WHAT YOU WILL DO | In the entries that follow, find the line containing "bathroom featuring a" and the line containing "Yellow Gold Blue Topaz Oval Stud Earrings", then retype exactly the lines from the first through the second, pictures excluded.

DATASET |
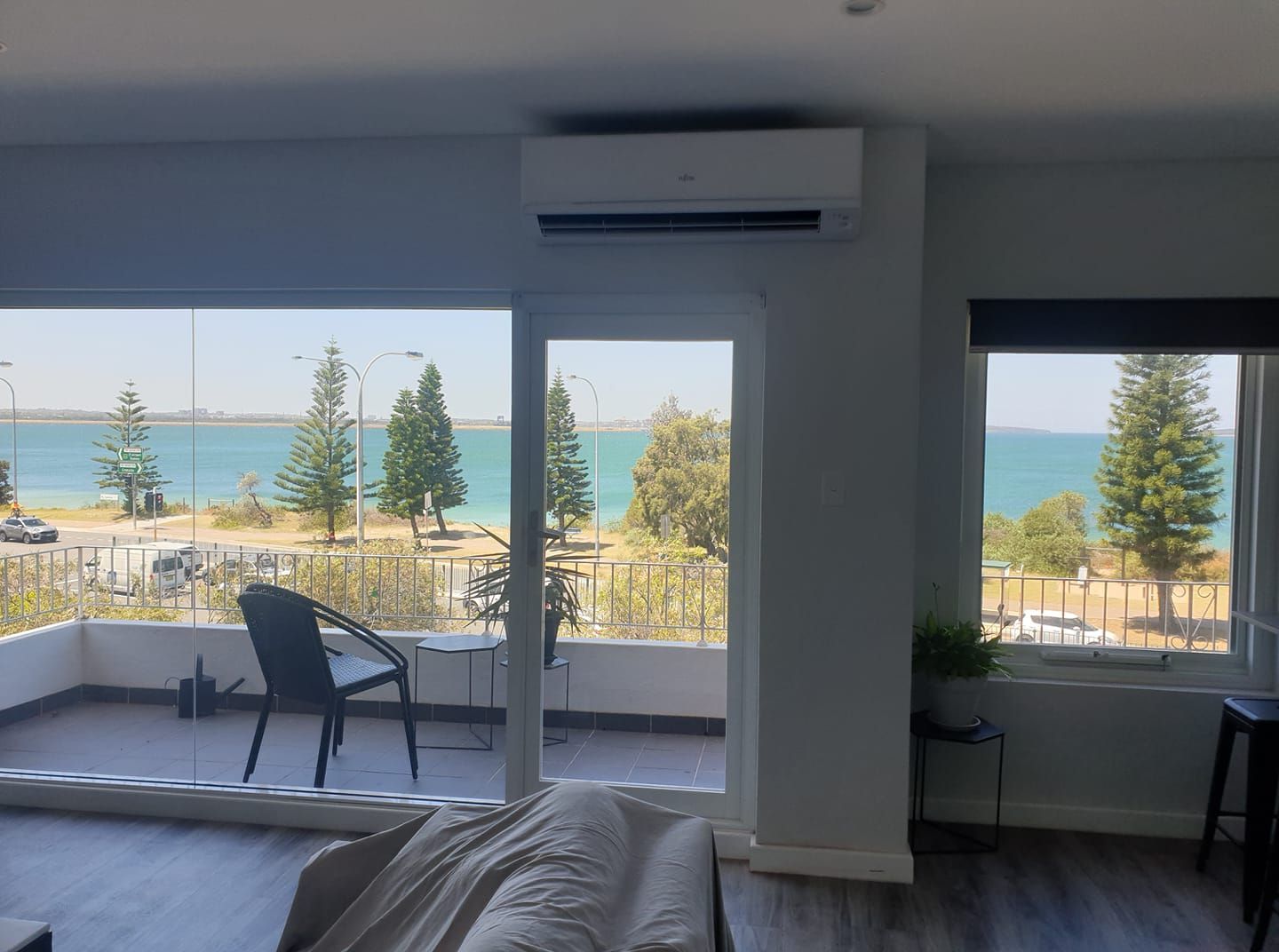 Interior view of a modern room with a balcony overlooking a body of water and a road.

==

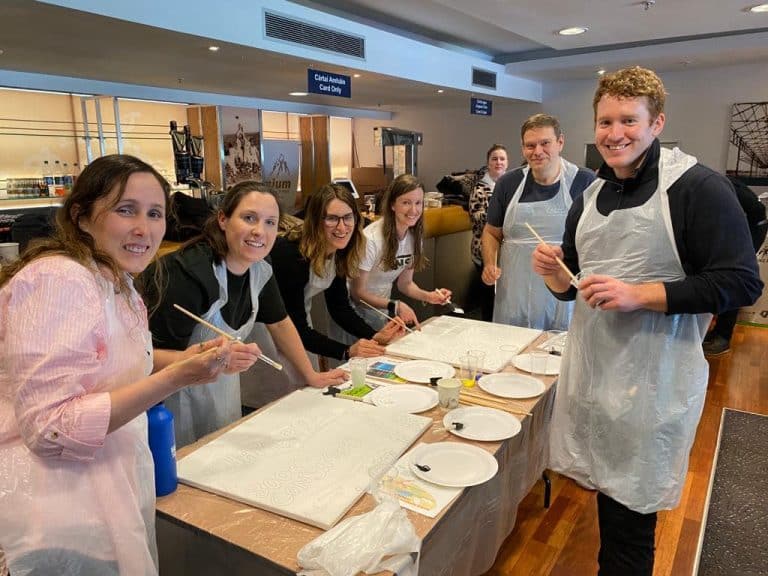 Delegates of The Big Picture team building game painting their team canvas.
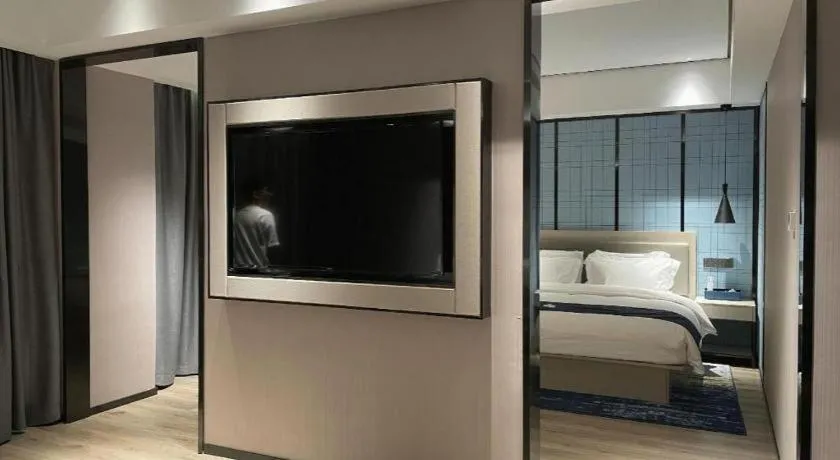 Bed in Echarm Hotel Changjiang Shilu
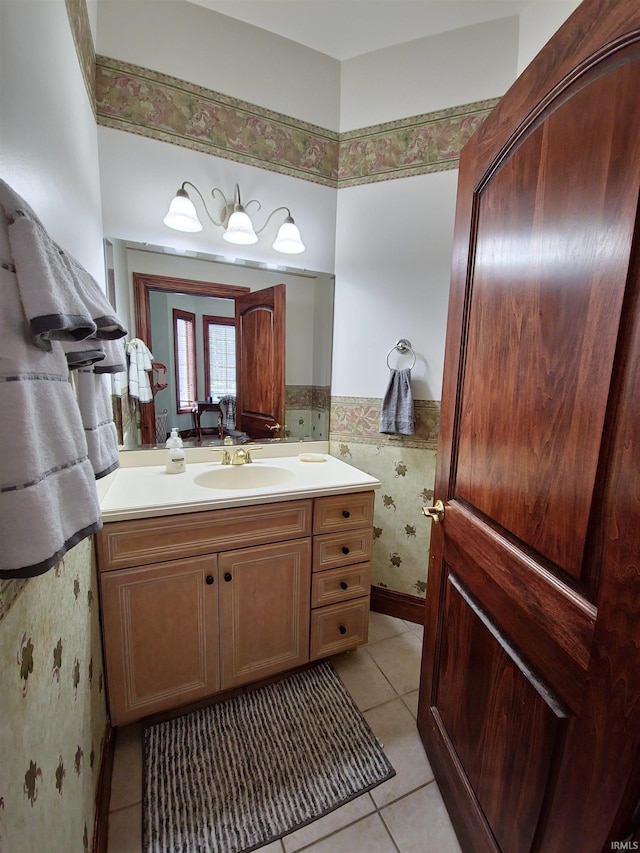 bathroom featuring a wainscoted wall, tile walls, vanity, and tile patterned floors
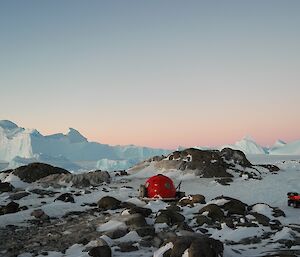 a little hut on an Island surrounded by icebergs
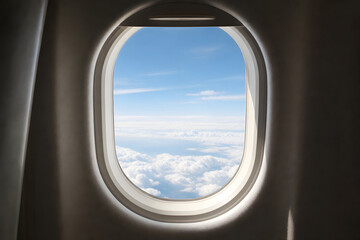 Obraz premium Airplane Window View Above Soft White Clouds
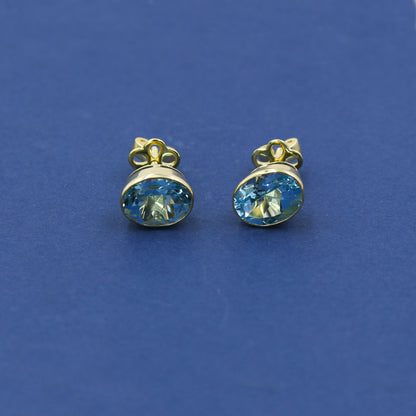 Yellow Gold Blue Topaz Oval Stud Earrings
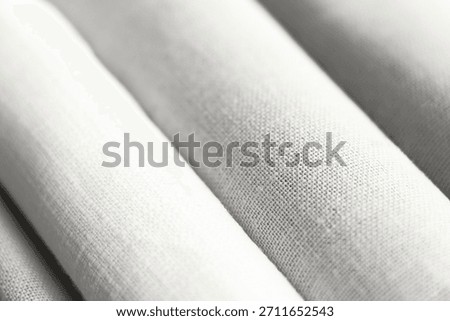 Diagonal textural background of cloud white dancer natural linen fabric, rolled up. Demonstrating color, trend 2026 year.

==

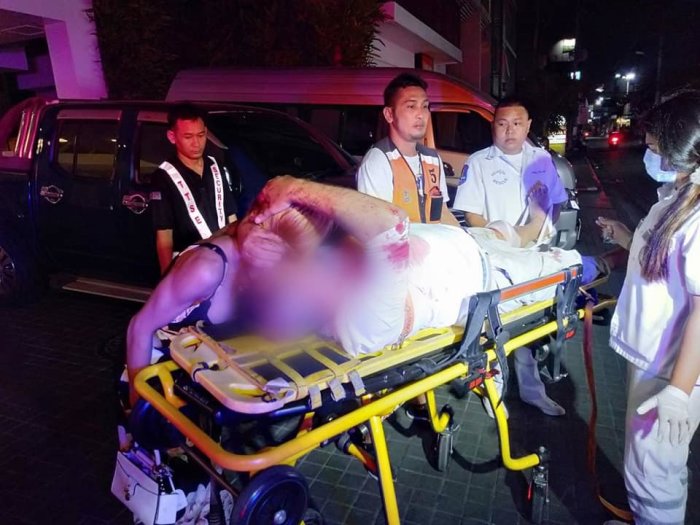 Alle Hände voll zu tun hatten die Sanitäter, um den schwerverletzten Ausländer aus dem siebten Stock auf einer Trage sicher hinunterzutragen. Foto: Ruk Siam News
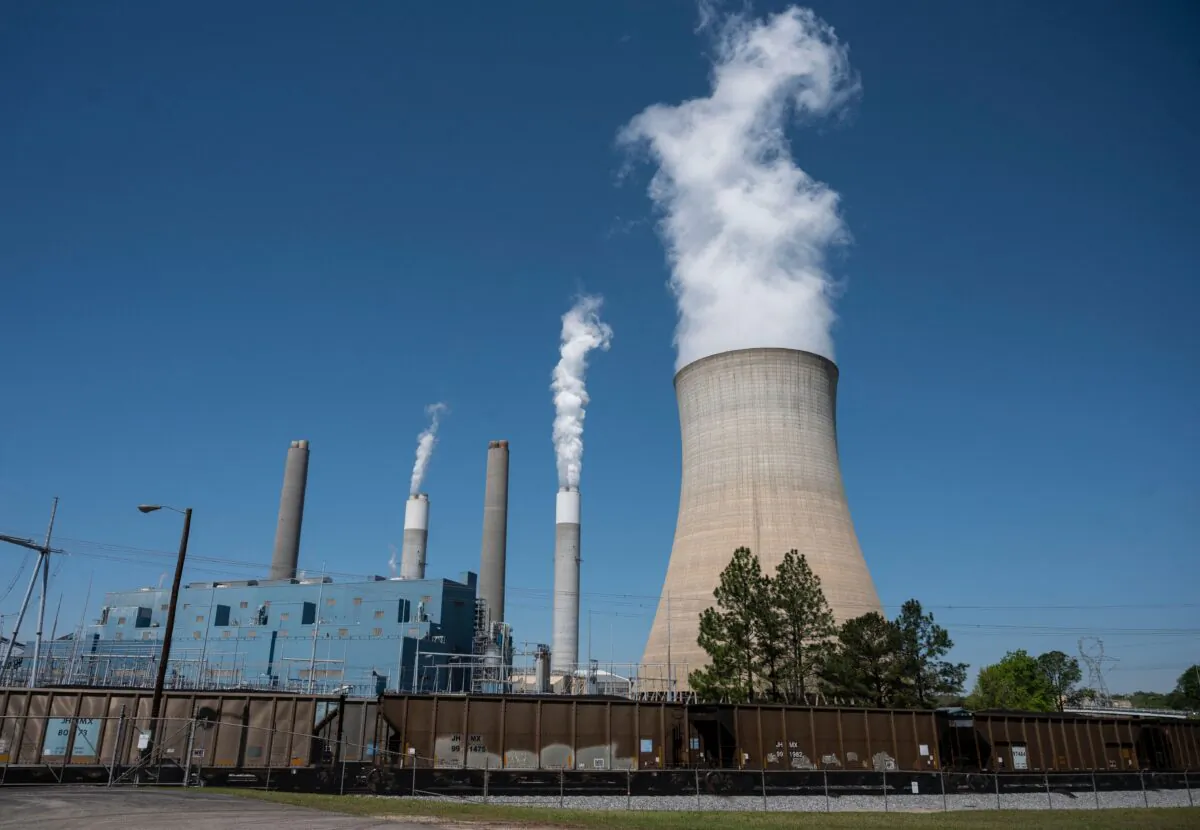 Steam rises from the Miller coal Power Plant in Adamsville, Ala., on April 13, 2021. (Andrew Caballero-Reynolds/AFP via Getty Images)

ANSWER TO THE EXERCISE |
 bathroom featuring a wainscoted wall, tile walls, vanity, and tile patterned floors
 a little hut on an Island surrounded by icebergs
 Obraz premium Airplane Window View Above Soft White Clouds
 Yellow Gold Blue Topaz Oval Stud Earrings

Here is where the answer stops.